== Input for this task ==
'''

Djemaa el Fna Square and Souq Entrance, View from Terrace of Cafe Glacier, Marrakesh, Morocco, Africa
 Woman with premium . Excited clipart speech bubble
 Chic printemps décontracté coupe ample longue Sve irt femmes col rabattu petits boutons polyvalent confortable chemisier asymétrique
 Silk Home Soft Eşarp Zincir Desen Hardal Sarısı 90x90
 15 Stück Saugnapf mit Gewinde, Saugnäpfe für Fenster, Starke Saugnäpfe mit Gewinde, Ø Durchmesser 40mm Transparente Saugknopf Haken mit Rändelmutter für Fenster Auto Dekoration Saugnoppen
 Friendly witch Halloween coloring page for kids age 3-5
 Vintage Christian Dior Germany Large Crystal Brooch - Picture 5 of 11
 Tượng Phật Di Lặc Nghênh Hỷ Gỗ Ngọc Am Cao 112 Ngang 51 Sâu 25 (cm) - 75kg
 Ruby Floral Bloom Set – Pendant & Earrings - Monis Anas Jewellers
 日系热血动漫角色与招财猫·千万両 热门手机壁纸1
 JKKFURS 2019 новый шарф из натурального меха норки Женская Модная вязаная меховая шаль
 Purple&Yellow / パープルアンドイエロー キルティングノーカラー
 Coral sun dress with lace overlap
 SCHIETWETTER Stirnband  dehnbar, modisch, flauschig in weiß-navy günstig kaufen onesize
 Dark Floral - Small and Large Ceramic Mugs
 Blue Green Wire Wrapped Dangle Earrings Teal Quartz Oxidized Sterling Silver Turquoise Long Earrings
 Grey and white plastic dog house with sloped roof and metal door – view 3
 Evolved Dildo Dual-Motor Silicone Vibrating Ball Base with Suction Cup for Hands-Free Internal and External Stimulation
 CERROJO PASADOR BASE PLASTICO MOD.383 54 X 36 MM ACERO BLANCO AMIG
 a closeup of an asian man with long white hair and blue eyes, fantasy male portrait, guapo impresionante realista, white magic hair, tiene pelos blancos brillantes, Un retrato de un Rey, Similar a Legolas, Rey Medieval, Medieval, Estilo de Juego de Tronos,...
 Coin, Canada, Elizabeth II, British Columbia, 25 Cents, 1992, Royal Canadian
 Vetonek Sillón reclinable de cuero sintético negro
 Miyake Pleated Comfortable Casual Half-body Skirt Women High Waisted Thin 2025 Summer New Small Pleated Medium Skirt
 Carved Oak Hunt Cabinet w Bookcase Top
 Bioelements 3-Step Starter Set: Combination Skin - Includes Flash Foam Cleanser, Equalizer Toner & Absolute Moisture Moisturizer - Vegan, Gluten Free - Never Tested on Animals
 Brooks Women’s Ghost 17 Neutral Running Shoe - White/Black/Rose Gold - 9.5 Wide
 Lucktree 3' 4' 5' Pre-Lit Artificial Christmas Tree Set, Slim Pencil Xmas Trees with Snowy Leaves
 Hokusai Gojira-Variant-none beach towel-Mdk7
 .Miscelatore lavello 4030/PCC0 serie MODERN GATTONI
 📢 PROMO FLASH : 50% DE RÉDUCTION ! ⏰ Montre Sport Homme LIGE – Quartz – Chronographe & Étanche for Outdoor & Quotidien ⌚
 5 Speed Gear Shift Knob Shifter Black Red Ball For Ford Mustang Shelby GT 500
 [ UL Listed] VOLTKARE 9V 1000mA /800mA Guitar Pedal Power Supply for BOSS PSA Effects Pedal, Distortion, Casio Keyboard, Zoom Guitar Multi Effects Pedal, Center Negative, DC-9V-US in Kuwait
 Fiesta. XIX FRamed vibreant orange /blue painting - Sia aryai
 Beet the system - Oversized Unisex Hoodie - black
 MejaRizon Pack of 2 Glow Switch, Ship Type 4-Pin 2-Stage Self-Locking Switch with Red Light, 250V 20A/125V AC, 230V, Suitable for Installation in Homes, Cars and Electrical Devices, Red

'''

== The problem ==
Where the data above reaches the line holding "[ UL Listed]", begin printing, and stop after the line holding "Beet the system". Each line must be reproduced exactly, with nothing else added.

== Output ==
 [ UL Listed] VOLTKARE 9V 1000mA /800mA Guitar Pedal Power Supply for BOSS PSA Effects Pedal, Distortion, Casio Keyboard, Zoom Guitar Multi Effects Pedal, Center Negative, DC-9V-US in Kuwait
 Fiesta. XIX FRamed vibreant orange /blue painting - Sia aryai
 Beet the system - Oversized Unisex Hoodie - black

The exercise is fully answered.